## TASK PROMPT:
Reproduce the lines below from the one that contains "Процесс разработки и" through the end, inclusive, and add nothing.

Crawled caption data
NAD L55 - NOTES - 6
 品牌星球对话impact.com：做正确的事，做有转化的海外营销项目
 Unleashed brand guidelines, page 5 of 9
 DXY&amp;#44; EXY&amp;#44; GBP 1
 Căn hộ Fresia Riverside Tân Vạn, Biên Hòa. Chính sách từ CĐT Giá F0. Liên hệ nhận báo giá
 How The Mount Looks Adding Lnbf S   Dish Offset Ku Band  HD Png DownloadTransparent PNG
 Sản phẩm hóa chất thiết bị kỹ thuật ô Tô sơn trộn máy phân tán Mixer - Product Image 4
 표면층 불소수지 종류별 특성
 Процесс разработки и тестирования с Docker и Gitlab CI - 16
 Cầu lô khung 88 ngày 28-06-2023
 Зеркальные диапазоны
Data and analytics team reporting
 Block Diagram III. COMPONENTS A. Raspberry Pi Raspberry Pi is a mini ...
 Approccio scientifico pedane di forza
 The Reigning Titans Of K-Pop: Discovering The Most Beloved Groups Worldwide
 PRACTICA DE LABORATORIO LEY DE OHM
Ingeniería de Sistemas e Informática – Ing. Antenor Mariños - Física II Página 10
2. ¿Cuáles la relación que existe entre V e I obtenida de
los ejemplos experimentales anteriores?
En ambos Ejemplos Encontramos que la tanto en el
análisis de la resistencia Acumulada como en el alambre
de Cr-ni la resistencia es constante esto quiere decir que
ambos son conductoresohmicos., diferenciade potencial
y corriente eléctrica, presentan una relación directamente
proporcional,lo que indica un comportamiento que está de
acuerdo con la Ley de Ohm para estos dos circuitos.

## EXERCISE OUTPUT:
 Процесс разработки и тестирования с Docker и Gitlab CI - 16
 Cầu lô khung 88 ngày 28-06-2023
 Зеркальные диапазоны
Data and analytics team reporting
 Block Diagram III. COMPONENTS A. Raspberry Pi Raspberry Pi is a mini ...
 Approccio scientifico pedane di forza
 The Reigning Titans Of K-Pop: Discovering The Most Beloved Groups Worldwide
 PRACTICA DE LABORATORIO LEY DE OHM
Ingeniería de Sistemas e Informática – Ing. Antenor Mariños - Física II Página 10
2. ¿Cuáles la relación que existe entre V e I obtenida de
los ejemplos experimentales anteriores?
En ambos Ejemplos Encontramos que la tanto en el
análisis de la resistencia Acumulada como en el alambre
de Cr-ni la resistencia es constante esto quiere decir que
ambos son conductoresohmicos., diferenciade potencial
y corriente eléctrica, presentan una relación directamente
proporcional,lo que indica un comportamiento que está de
acuerdo con la Ley de Ohm para estos dos circuitos.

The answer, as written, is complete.